**Assigned task:** Transcribe only part of the material below: the lines from the one containing "Gritin 19 LED" through the one containing "Premium White Shawl with Golden Border", inclusive, exactly as written.

**Data to examine:**
------------

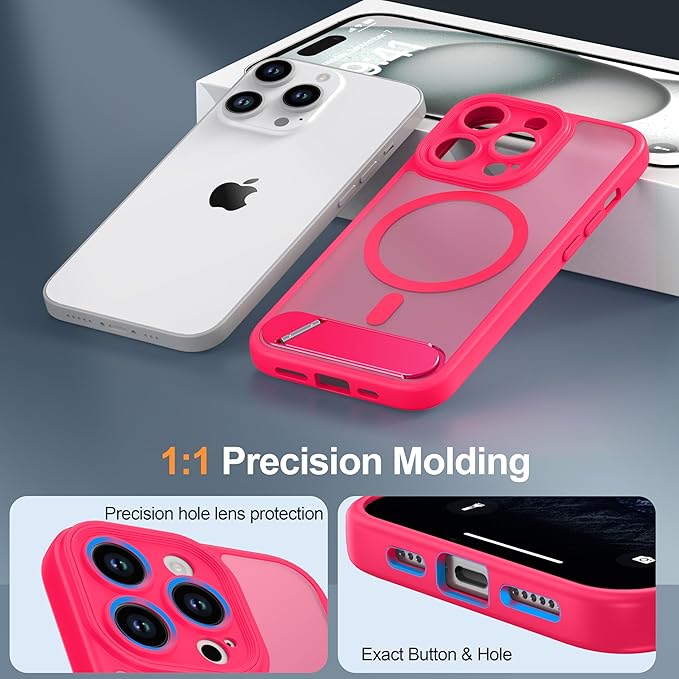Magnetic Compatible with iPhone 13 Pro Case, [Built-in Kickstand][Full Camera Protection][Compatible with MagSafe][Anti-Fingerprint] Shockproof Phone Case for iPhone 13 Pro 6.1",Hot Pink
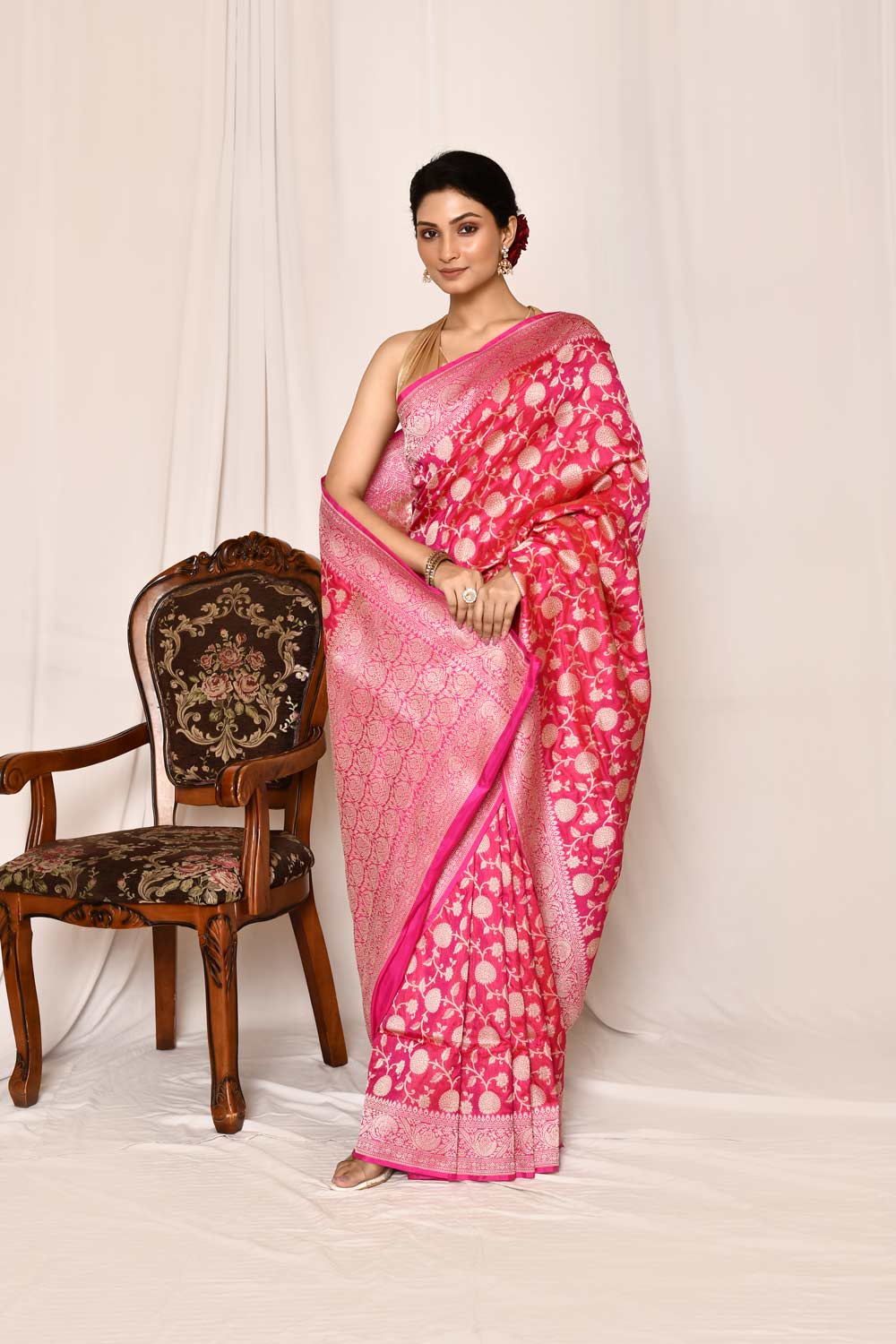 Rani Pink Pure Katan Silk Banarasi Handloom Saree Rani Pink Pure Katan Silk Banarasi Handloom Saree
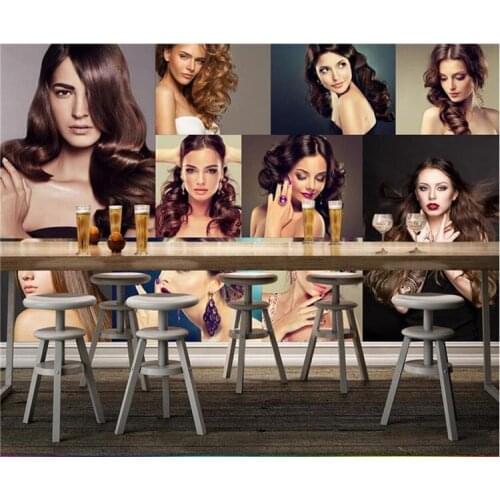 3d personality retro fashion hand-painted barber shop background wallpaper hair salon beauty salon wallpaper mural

------------

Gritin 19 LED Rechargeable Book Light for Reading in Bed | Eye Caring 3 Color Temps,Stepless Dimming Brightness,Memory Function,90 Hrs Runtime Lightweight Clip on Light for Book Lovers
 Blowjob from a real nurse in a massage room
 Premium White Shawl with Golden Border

------------

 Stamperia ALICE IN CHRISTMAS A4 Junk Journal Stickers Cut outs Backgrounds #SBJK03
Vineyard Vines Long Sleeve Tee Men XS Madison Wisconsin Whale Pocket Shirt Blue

------------

**Solution to the exercise:**
Gritin 19 LED Rechargeable Book Light for Reading in Bed | Eye Caring 3 Color Temps,Stepless Dimming Brightness,Memory Function,90 Hrs Runtime Lightweight Clip on Light for Book Lovers
 Blowjob from a real nurse in a massage room
 Premium White Shawl with Golden Border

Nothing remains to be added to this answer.